After my amazing meal (alone, by the way), I wandered around and did more shoe shopping. A wonderful day in Split, doing exactly what I wanted to do. I missed my friends but sometimes you just need to see a place on your own, and I was really glad that of all the places we'd been, I'd been able to spend more time in Split alone. It's a gorgeous place.

And then it was time to leave. Back through Munich this time, back home. Nothing unusual happened.

What a wonderful place, this Croatia. Definitely ranks within the top 4 for most breathtaking. Up there with Greece and Thailand.

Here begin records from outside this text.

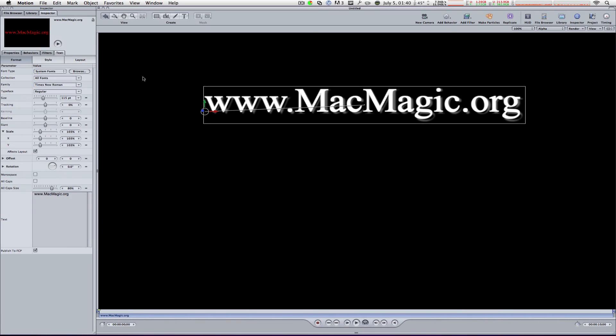And this is the Adjust Anchor Point tool. And right away you can see that there's a change in your object. The X isn't there anymore. Instead, you have a line going from the center of the object to where your current anchor point is.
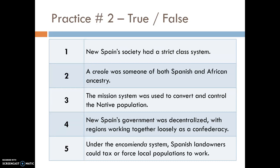Now make a heading for practice number two — five more true-or-false questions. Number one: New Spain's society had a strict class system. Number two: a Creole was someone of both Spanish and African ancestry. Number three: the mission system was used to convert and control the Native population. Number four: New Spain's government was decentralized with regions working together loosely as a confederacy. Number five: under the encomienda system, Spanish landowners could tax or force local populations to work. Pause your video to answer these.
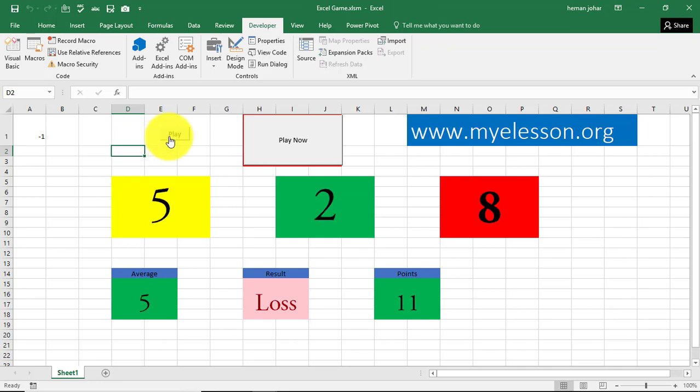So this is how you create a slot machine game in Excel. I hope you like this video. Well, you don't forget to download this sheet from myelesson.org. And in case you like this video, do click on the thumbs up button. And if there is a question, please mention in the comments. And please, please do subscribe to the channel. Thank you for watching once again. Have a wonderful day ahead. Happy learning.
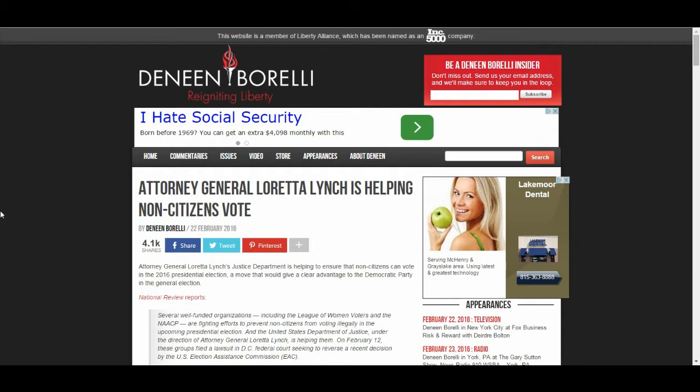Attorney General Loretta Lynch is helping non-citizens vote. Attorney General Loretta Lynch, Justice Department, is helping to ensure that non-citizens can vote in the 2016 presidential election, a move that would give a clear advantage to the Democratic Party in the general election.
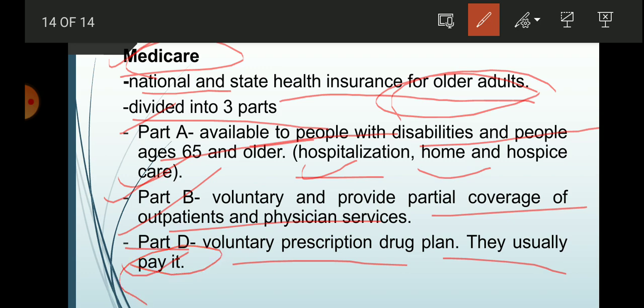Medicaid is a health insurance program in the United States funded from general taxes. Funds are extracted from taxes and used to help citizens experiencing poverty — low-income constituents fall under Medicaid.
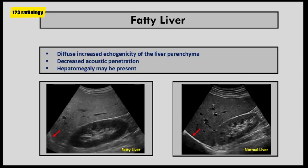Sonographic features of fatty infiltration depend on the amount of fatty deposition, and whether it is diffuse or focal. The key sonographic feature of diffuse fatty infiltration is diffuse increased echogenicity of the liver parenchyma and decreased acoustic penetration. Hepatomegaly may be present. On the image on your right, this is a normal liver — the liver is isoechoic to the renal cortex. On the image on your left, the liver shows diffuse fatty changes, manifested by diffuse increased parenchymal echogenicity compared to the renal cortex. There is decreased acoustic penetration with slightly impaired visualization of the diaphragm, as the red arrow is pointing.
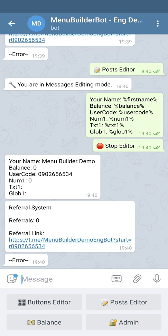A global variable is in fact a text variable. Same as a text variable doesn't have any default value, a global variable doesn't have it either. The main feature of the global variable is that it has the same value for all users of your bot.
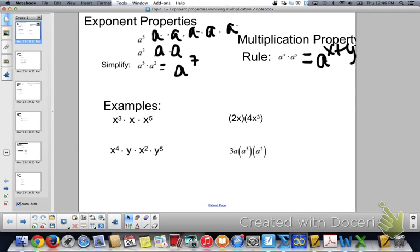You don't need to write them out every time — you're just adding. This is when you're multiplying. So x to the 3rd times x times x to the 5th: 3 plus 1 plus 5 is x to the 9th.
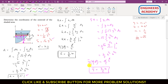So the ȳ coordinate of the centroid of this shaded area is 3b/5. I hope you understood this problem solution. Please like this video, and if you want me to solve more such problems, subscribe to my channel — especially if you're watching for the first time.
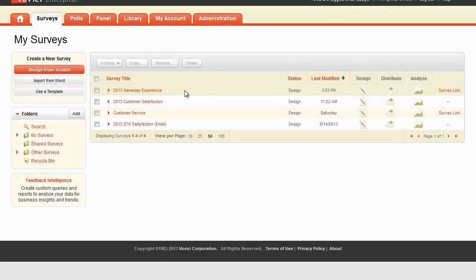Using skip logic in surveys is vital to ensuring the right people are answering the right questions. This tutorial will cover two types of basic skip logic: skipping a respondent to a specific question based on his response to a previous question, and skipping all of a question's respondents from one question to another question, regardless of their individual responses.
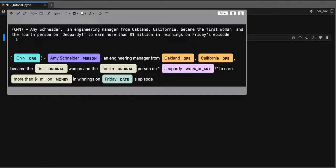Imagine that you have this sentence: 'CNN, Amy Schneider, an engineering manager from a client,' and you want to extract key information from this text. You want to identify that CNN is an organization, Amy Schneider is a person, and Friday is a date. This process is called Named Entity Recognition, and this is what we're going to cover in this tutorial.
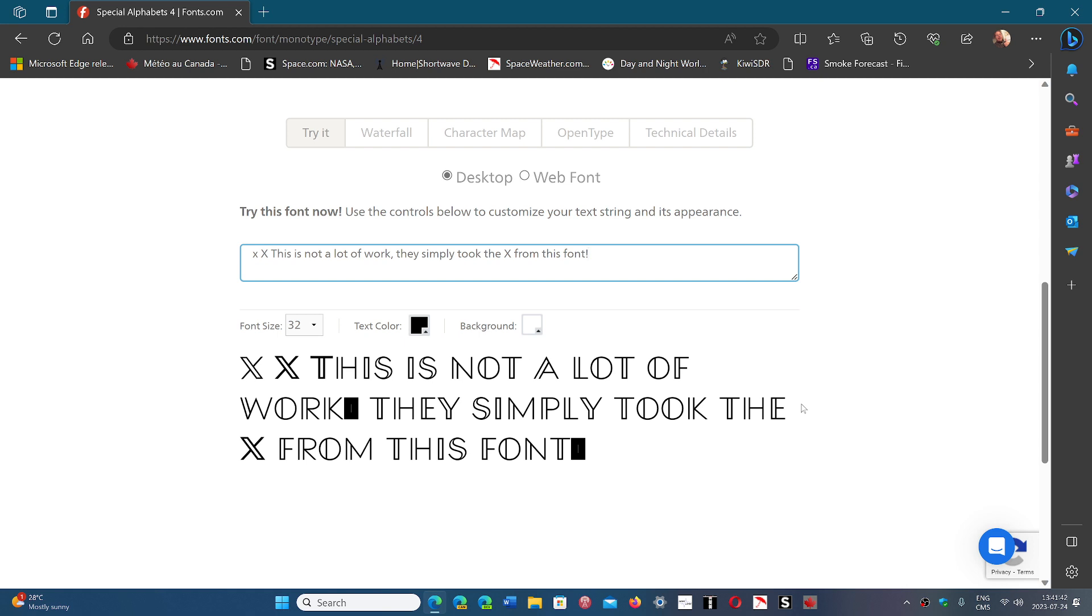For a company that was sold for $44 billion, I would have thought you would have taken a little more time into thinking and designing your own logo.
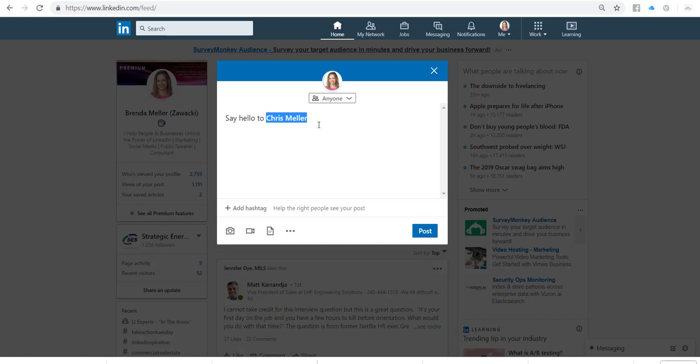I'm going to walk you through that again. First, type in whatever it is that you're sharing with your network — I like to focus on something that is informational or educational. And when you're tagging somebody, if I just type in 'Chris Miller,' you're going to see that it does not pull his name up in the drop-down list.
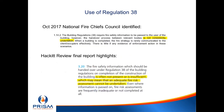In October 2017 the National Fire Chiefs Council identified in their return to Dame Judith Hackitt that Regulation 38 is not being consistently undertaken. The Hackitt Review final report highlighted that it's not often present or is insufficient, meaning adequate fire risk assessments cannot be undertaken. Even where information is passed on, fire risk assessments are frequently inadequate or not completed at all. At a conference last year a straw poll of about 200 people found roughly half of supposed fire safety professionals didn't even know Regulation 38 existed.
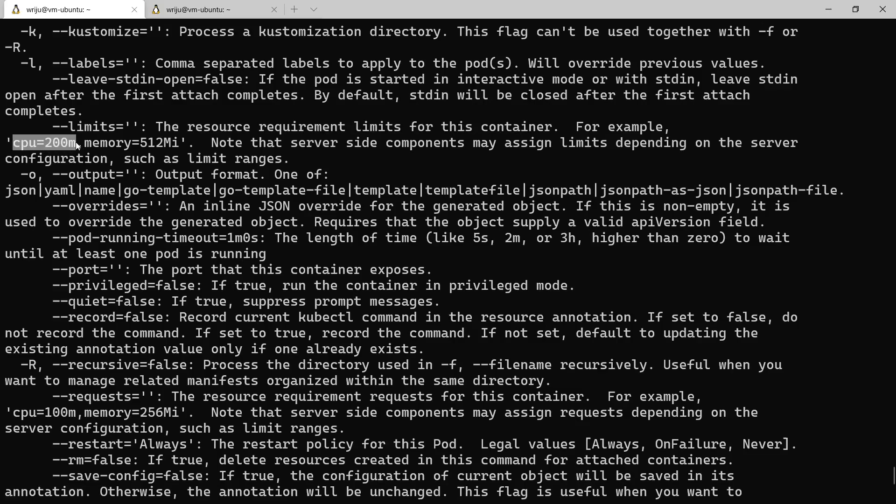So how do you define it? You define the number of CPU cores you need, so it's millicore - 200 millicore and then 512 megabytes of memory. This is how you define the CPU and memory. Imagine that if you have one CPU that is 1000 millicore, so 200 is one-fifth of the CPU you have taken. If you have five CPUs and then you take 1000, then it will be like one CPU you have taken. That's what you call a limit.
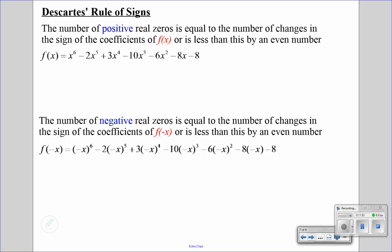Next up, I'm going to talk about the Descartes rule of signs. What the Descartes rule of signs does is give us the combinations of possible zeros — positive, negative, and imaginary zeros. The rule is: the number of positive real zeros equals the number of sign changes in the coefficients of f of x, or is less than that by an even number.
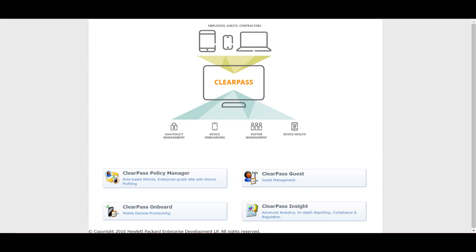The first one is ClearPass Policy Manager, which is a policy server and advanced policy server where you can take different actions for users and assign them an appropriate role. The second application is ClearPass Guest, which is mainly used for captive portal authentication. It has a fully integrated web server where you can host and customize the captive portal as per your requirement.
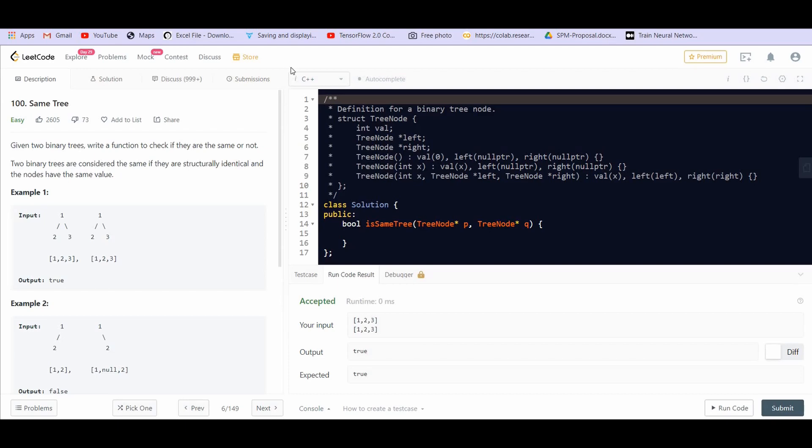Hey there everyone, welcome back to lead coding. Today we are going to solve the question 'Same Trees'. I was getting so many requests to start with the topic trees, but before we proceed with this topic there's another important topic that you should know — you should be comfortable with the topic recursion.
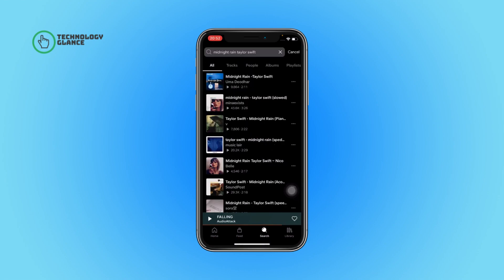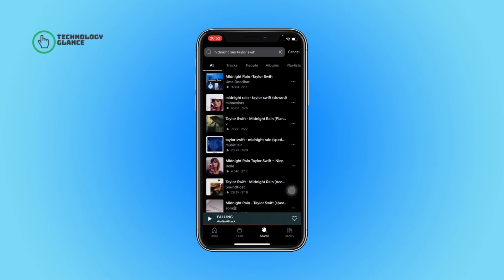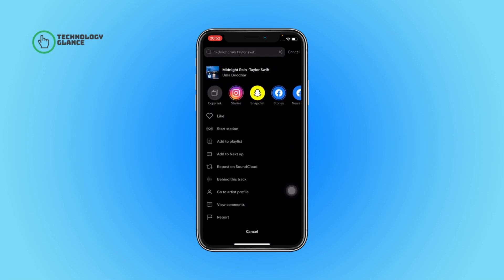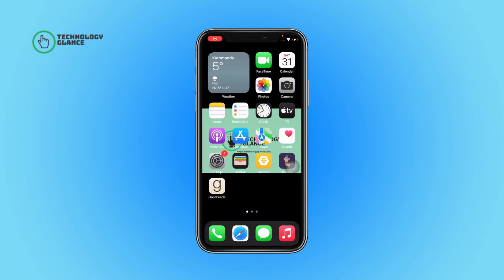Tap on the search icon, then search for the song which you want to play next. Tap on the three-dot icon beside the song. After that, you will see the 'Add to Next Stop' option — tap on it, and that's it. Now this song will play next on your SoundCloud playlist.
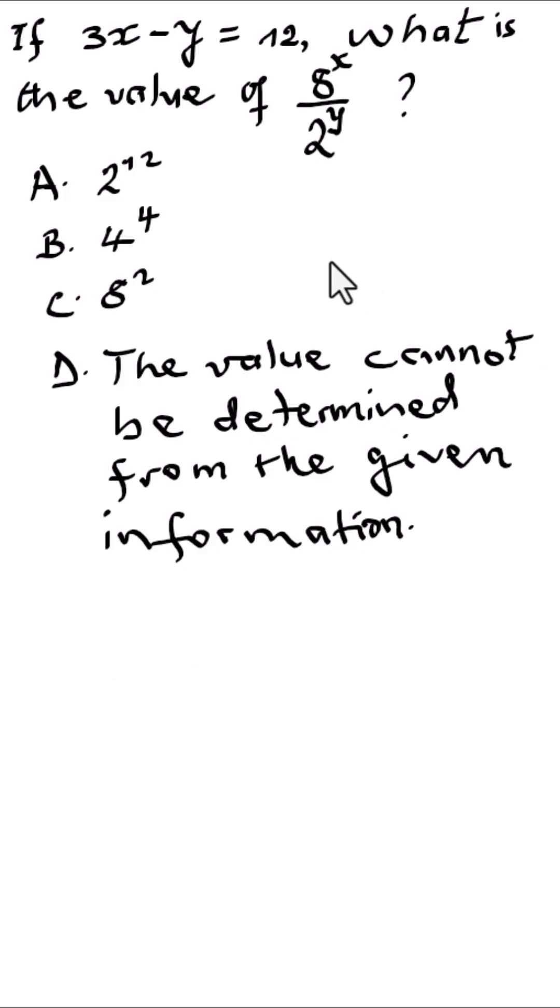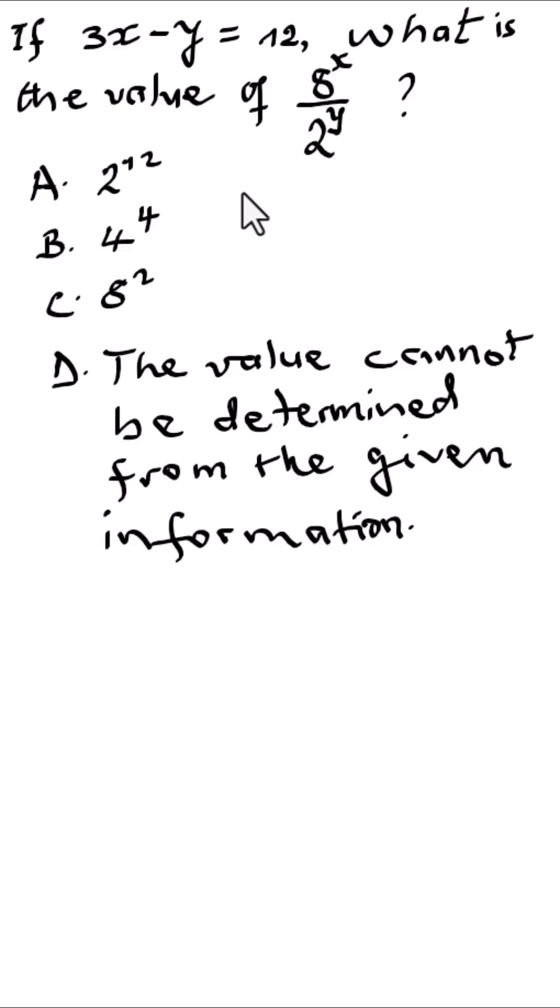All right, let's see if you can solve this SAT question. If 3x minus y is equal to 12, what is the value of 8 raised to the power x over 2 to the power y?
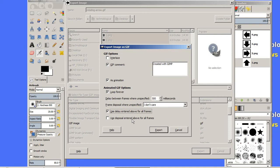And 'use disposal entered above for all frames'—I don't care about that, so I'm not going to check that box. Let's go ahead and export.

I would wholeheartedly recommend it to anyone who hasn't gone. It's one of those few places that hasn't really been touched by tourists. Granted we were there before July and August, which are the busier times, but I was glad of it. I figure now that it's joined the EU it's only a matter of time before more people discover its beauty and it gets crowded. Though I am happy for Croatia since this will allow the expansion and business that it needs, I am always slightly sad to see such a private beautiful place become commercialized. So if you can, check it out. You won't regret it.